Bauer: Dazu muss man wissen: LMd ist quasi ein international tätiges Franchiseunternehmen, mit Vorgaben der Lizenzgeberin (Paris) und genau definierten Spielräumen der verschiedenen Lizenznehmerinnen (von Seoul bis Santiago de Chile). Manche Ausgaben dürfen nur Artikel aus dem französischen Original übernehmen, andere, wie eben die deutsche oder auch die argentinische, dürfen in einem gewissen Umfang auch „eigene Texte“ publizieren. Dafür hat Marie Luise wie eine Löwin gekämpft.
Und wann kam dann der erste „eigene Text“?
Knott: Ich glaube, das war 1997. Der Anlass, selbstständig Texte zu akquirieren, war ein sechsseitiges Dossier zur Rentenpolitik in Frankreich, das wir nicht übernehmen konnten. Damals stellten wir fest, was wir eigentlich schon wussten: Die Texte in eigener Sprache, aus dem hiesigen Kontext heraus verfasst, atmeten anders als die Übersetzungen. Die hiesige LMd braucht solch eine Mischung, will sie auf dem Markt bestehen. Mit der Gründung der britischen LMd kam der angelsächsische Journalismus hinzu, und auch deren „Pool“ von Texten nutzten wir fortan. Damals beschäftigte uns die Frage, ob es eines Tages gelingen würde, zu einer gemeinsamen europäischen Redaktion zusammenzuwachsen. Hat nicht geklappt.
Aber dafür gab es ja die enge Zusammenarbeit mit der taz. Wie sah die aus?
Bauer: Die taz hat uns von Anfang an buchstäblich getragen: mit Layout, Vertrieb, EDV, Werbung, Aboverwaltung und, und, und. Ohne die Infrastruktur und den langen Atem der taz wäre das alles überhaupt nicht gegangen. Als wir dann immer mehr Abonnenten gewonnen und mit dem „Atlas der Globalisierung“ auch enorme ökonomische Erfolge erzielt haben, war das natürlich auch für die taz super.
Schon früh konnte man LMd aber auch unabhängig von der taz abonnieren. Wie kam’s dazu?
Knott: Um die Langlebigkeit und vor allem die Ausbaufähigkeit dieses Projekts zu sichern, schien es mir von Anfang an notwendig, an die deutschsprachige LMd als eigenständige Zeitung zu „glauben“. Beilagen haben die Tendenz, sich zu Tode sparzuschrumpfen, weil irgendwann der Werbeeffekt für die „Mutterzeitung“ ausgereizt ist. Das Beharren auf einer Separatausgabe, die sich eigenständig auf dem Markt behaupten muss, schuf Sicherheit und war zugleich ein Ansporn.

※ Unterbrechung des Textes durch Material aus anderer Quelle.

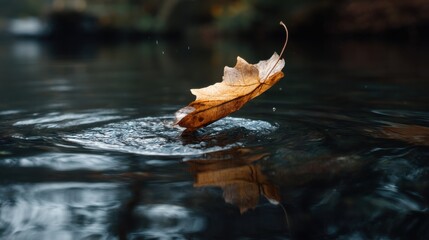 Poster - A leaf floating on the surface of a body of water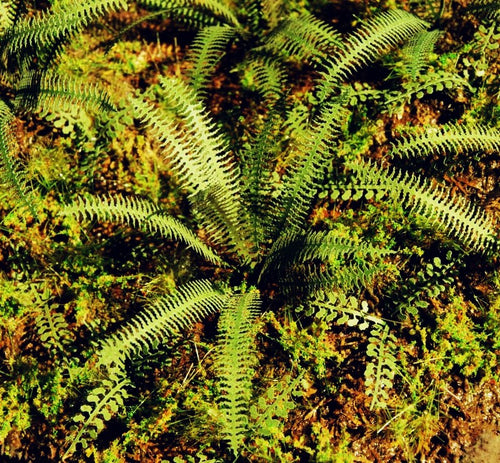 Model Scene - VG7-037 - Medium Tropical Fern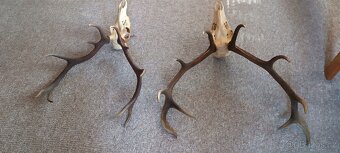 Jelení paroží,trofeje - 2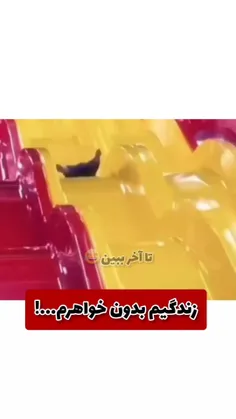 منی که خواهر ندارم ولی سه ساعته دارم به این میخندم😂😂🤌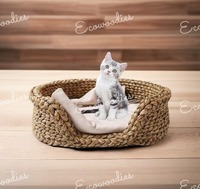 Joli nouveau lit rond en osier pour animaux de compagnie intérieur/extérieur écologique fabriqué à partir de tabouret en jacinthe d'eau en bambou pour chats domestiques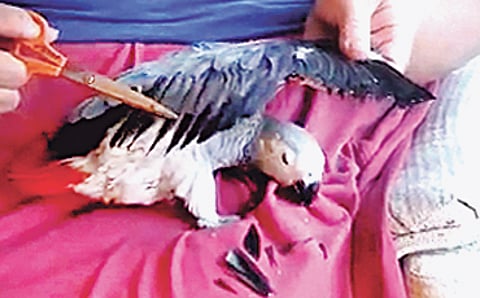 ಹಕ್ಕಿ ಹಾರ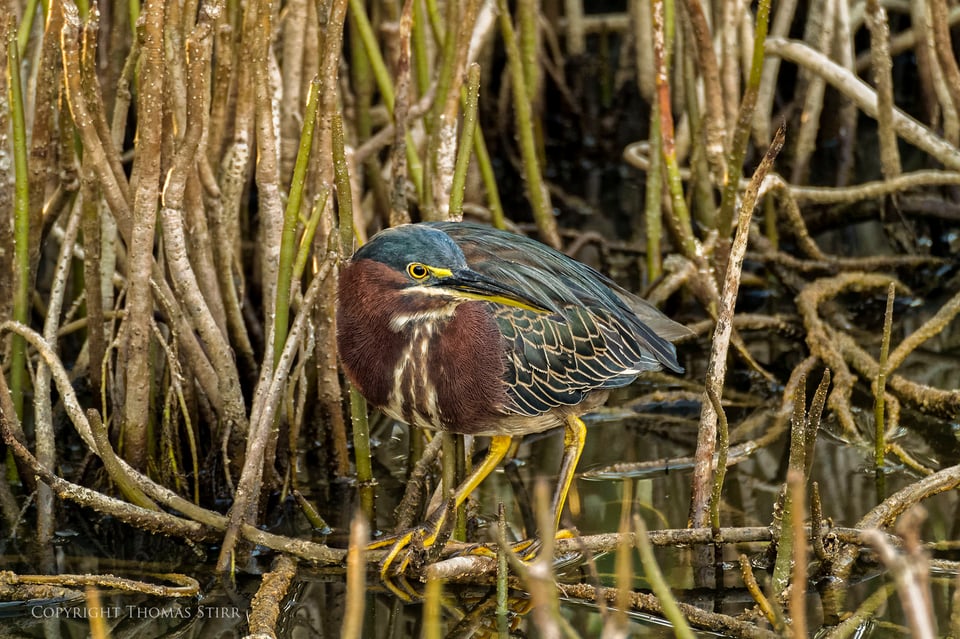 cuba heron 9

Weil ja das Übersetzen und Vermitteln einen so großen Raum einnimmt: Versteht ihr euch eigentlich als Journalistinnen?
Bauer: Da sind wir sehr verschieden, ich habe mich nie als Journalistin verstanden. Dafür kenne ich mich nirgends gut genug aus. Und ich hatte nie den Ehrgeiz, selbst zu schreiben. Das ist bei einigen Kolleg_innen anders. Manche schreiben Artikel in LMd und anderswo.
Was ist das Besondere an der Arbeit der Redaktion? Beeinflusst das Übersetzen den Blick auf die Welt?

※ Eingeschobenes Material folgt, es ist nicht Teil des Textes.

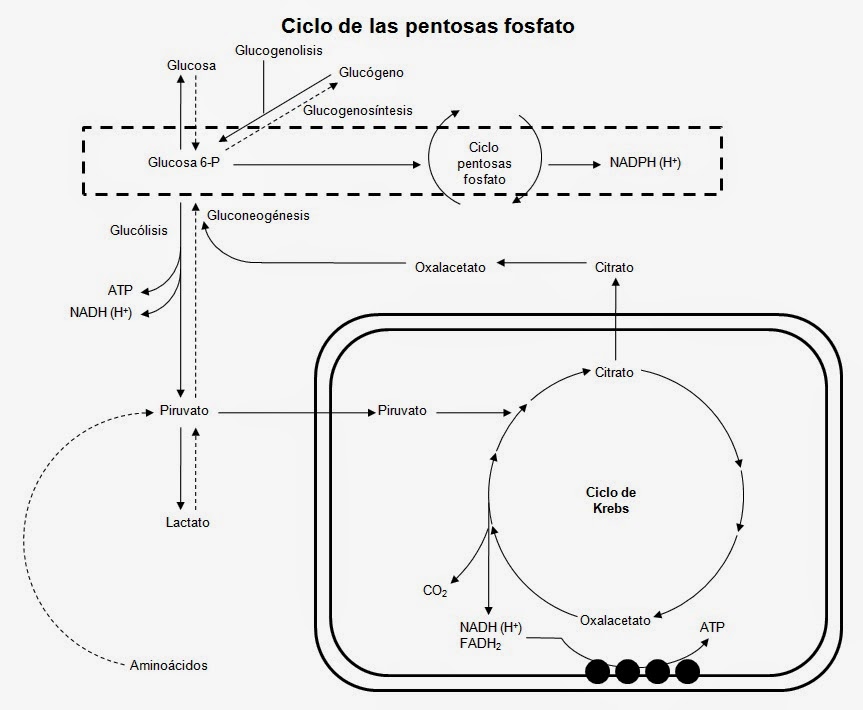 Ruta de las pentosas fosfato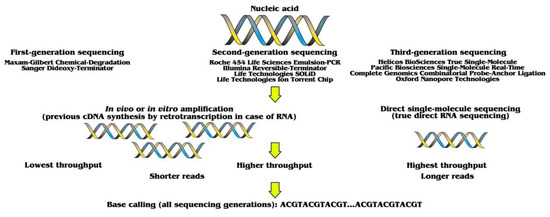 Biomolecules | Free Full-Text | Analyzing Modern Biomolecules: The.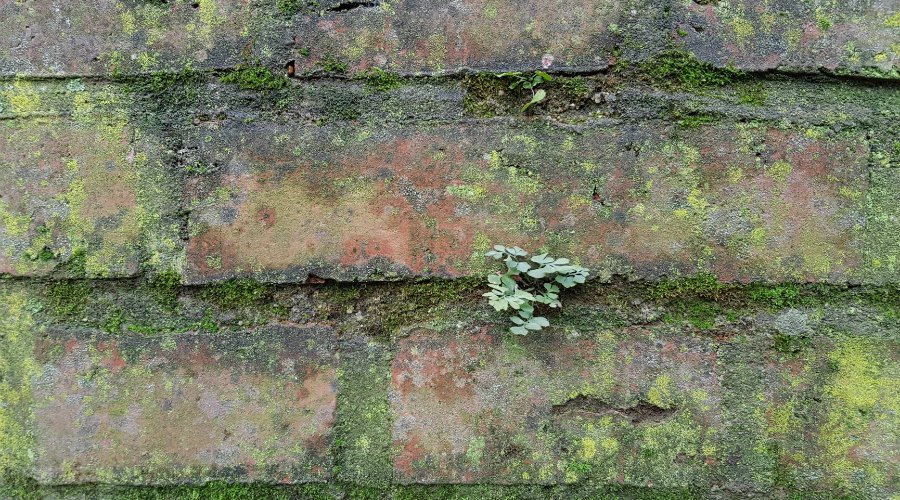 wat kost tuin bestraten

Bauer: Das Besondere an unserer Arbeit liegt darin, dass wir mit und an unserer Sprache arbeiten. Das ist oft ein quälendes Gefummel, weil es leider sehr viel schlechtes Deutsch gibt. Manche auf Deutsch geschriebene Texten klingen ja wie verunglückte Übersetzungen aus dem Englischen. Das Engagement für die deutsche Sprache mag altmodisch sein und vergebliche Liebesmüh. Aber ich finde, es lohnt sich, ich hab es immer gern gemacht. Und obendrein jeden Tag etwas gelernt über die Welt.
Knott: Ob beim Übersetzen oder beim Redigieren – eigentlich geht es einem wie in Ilse Aichingers Kurzgeschichte „Zweifel an Balkonen“: Einerseits besucht man im Laufe der Arbeit verschiedene fremde „Balkone“ (Wissensgebiete, Lebenswelten, Denk- und Sprechweisen), andererseits machen diese Besuche einem die heimatlichen „Balkone“ heimatlicher. Aus solchen „Zweifeln“ speist sich das Schreiben, Übersetzen und Redigieren.